Um pensador se honra pensando, considerando seu pensamento como algo vivo com o qual discutir seriamente aqui e agora. Isso é ainda mais verdadeiro para Ernesto Balducci, cujos escritos teológicos e filosóficos são repletos de atualidade e eventualmente apresentam afirmações que hoje, depois de mais de 30 anos, ainda surpreendem por sua capacidade preditiva. Aqui está, por exemplo, o que ele escreveu sobre os países do antigo bloco comunista em 1989: “Na convulsão da Europa Oriental há sinais preocupantes de uma propensão a rejeitar não apenas o marxismo, mas também a racionalidade iluminista da qual o marxismo foi o desenvolvimento. No limiar da era pós-moderna, renascem todas as nostalgias do passado, que permaneceram sufocadas, mas não extintas durante o triunfo da modernidade. Essas nostalgias poderiam dar à Europa um impulso regressivo com resultados desastrosos”.
Eis então prefigurado Putin e sua guerra criminosa, abençoada pelo Patriarca Kirill. Mas eis também (independentemente das frentes contrapostas na guerra ucraniana) a Hungria de Orban, a Polônia de Morawiecki, os outros estados do pacto de Visegrád e aqueles resultantes da fragmentação violenta da Iugoslávia. Todos sinais daquelas "nostalgias do passado" sufocadas pela modernidade e intuídas por Balducci diante de suas sangrentas manifestações, que, mais do que o pós-moderno, remetem ao pré-moderno, àquela maligna Idade Média que os nazistas evocavam ao falar de "Blut und Boden", "sangue e solo", querendo indicar a identidade de um povo e de um ser humano, e que hoje também se manifesta com Trump nos EUA, Bolsonaro no Brasil e, claro, as forças soberanistas na Europa, muito fortes em nosso país (omitindo a análise das outras áreas do planeta, mas não me parece que a situação seja muito melhor). Parece, portanto, necessário concluir que, apesar da agudeza de algumas de suas previsões, Balducci não tenha adivinhado globalmente ao imaginar o "homem planetário" (o título de seu livro mais belo), visto que o mundo está indo exatamente para o outro lado, para trás, em direção ao homem "identitário". Parece que estivesse mais certo Samuel Huntington quando, no mesmo período, previa O Choque de Civilizações.

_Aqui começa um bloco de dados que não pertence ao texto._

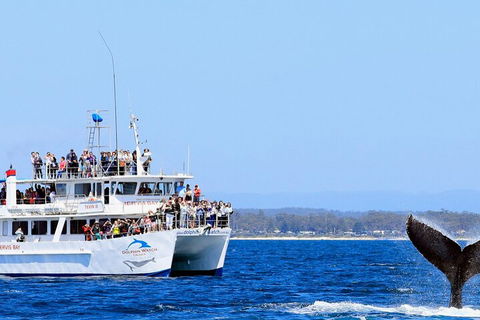 Whale Watching Jervis Bay - Tourism Noosa 4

Mas o que Balducci entendia com "homem planetário"? Ele estava convencido de estar um ponto de virada decisivo na história, pois a bomba atômica havia definitivamente posto fora de jogo o instrumento com o qual a história sempre havia sido feita até então, ou seja, a guerra, e nisso ele viu um ponto sem volta da evolução que chamava de "planetarização". Em sua opinião, "Darwin também aludia a isso quando afirmava que uma vez que a espécie humana passasse a se perceber como um todo único, as relações de simpatia dentro da espécie se estenderiam até a extremidade do planeta". Em suma, o homem planetário é o contrário do soberanismo.

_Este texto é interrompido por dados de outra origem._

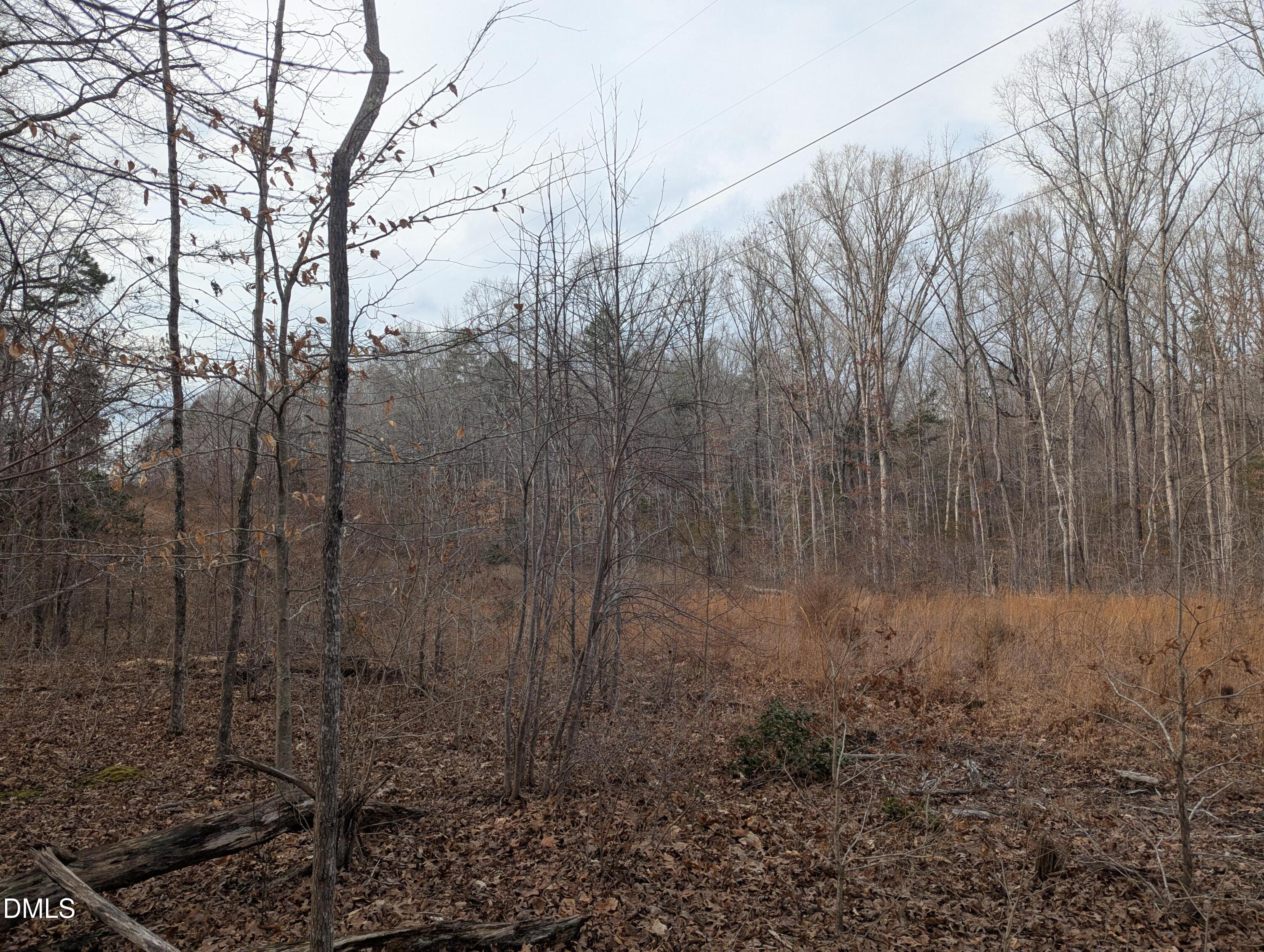 0 Dirgie Mine Road, Roxboro, NC 27574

Foi justamente nessa perspectiva que Balducci chegou a escrever algo muito surpreendente para um padre católico: "A qualificação de um cristão me pesa". É interessante notar que para os soberanistas essa qualificação não pesa nada, ao contrário, competem para exibir cruzes e rosários, enquanto para Balducci pesava porque para ele toda qualificação identitária levava à divisão dos seres humanos. Por isso, ele buscava uma autocompreensão inédita, capaz de abranger a todos, e depois de ter dito que pesava sobre ele a qualificação de cristão, continuava: "Sou apenas um homem: eis uma expressão neotestamentária na qual minha fé melhor se expressa". Foi por isso que Balducci cunhou a qualificação de homem planetário, explicando: "O homem planetário é o homem pós-cristão", ao passo que, ao dizer pós-cristão, ele não entendia abandonar Jesus, mas ser verdadeiramente fiel à sua mensagem: "Está próximo o dia em que se compreenderá que Jesus de Nazaré não pretendia acrescentar uma nova religião às existentes, mas, ao contrário, queria derrubar todas as barreiras que impedem o homem de ser irmão do homem".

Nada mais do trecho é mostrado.